Al-Sunnah diartikan sebagai sesuatu yang dibiasakan oleh Nabi Muhammad SAW, sehingga sesuatu itu lebih banyak dikerjakan daripada ditinggalkan. Fungsi Al-Sunnah yaitu pada intinya sejalan dengan Al-Qur’an. Kehujjahan Al-Sunnah terdapat dalam QS Al-Najm ayat 3-4.
Ijtihad bersal dari kata al-tahujud berarti penumpahan kesempatan dan tenaga. Kualifikasi Mujtahid yaitu pemahaman terhadap Al-Quran, pemahaman terhadap sunnah, serta kemampuan bahasa Arab.
Demikianlah paparan makalah ini, kami menyadari masih banyak kekurangan. Oleh karena itu, kami mohon saran dan kritik yang membangun guna menyempurnakan makalah. Semoga makalah ini bermanfaat.
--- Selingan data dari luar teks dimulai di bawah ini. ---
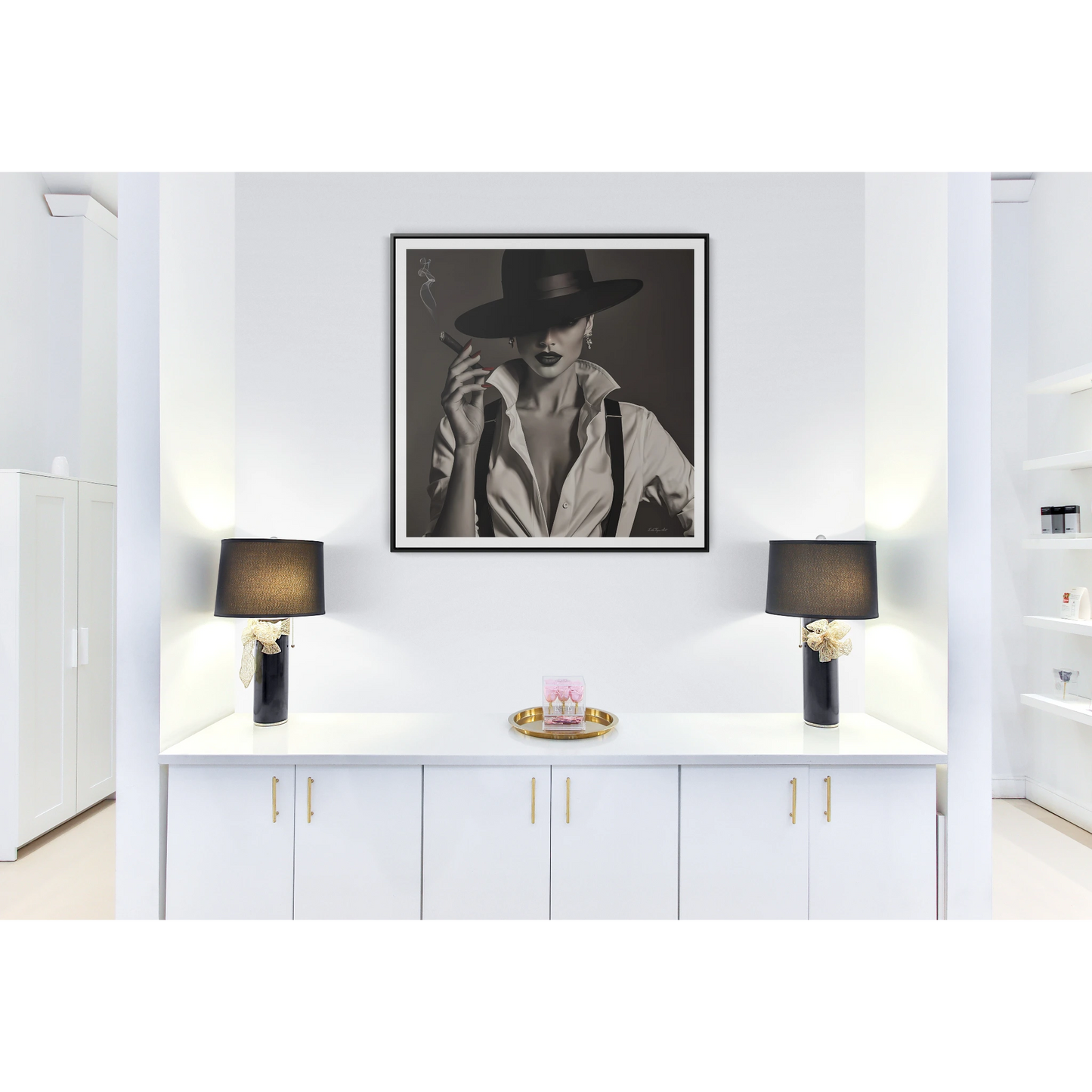 Film Noir Woman Canvas Art, Square Frame, Sexy Black White Femme Fatale Fedora Hat Cigar, Wall Hanging Poster Print, Home Decor Gift,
Sekian dan terima kasih.







DAFTAR PUSTAKA

            Ahmad Supadie, Didiek, dkk. 2012. Pengantar Studi Islam ed. Revisi.
                        Jakarta: Raja Grafindo Persada.
            Khoriyah. 2013. Memahami Metodologi Studi Islam cet. I. Yogyakarta:
                        Teras.
Muhaimin, dkk. 1994. Dimensi-Dimensi Studi Islam cet. I. Surabaya:
            Karya Abditama.
            Nata, Abuddin. 2014. Metodologi Studi Islam edisi Revisi. Jakarta:
                        Raja Grafindo Persada.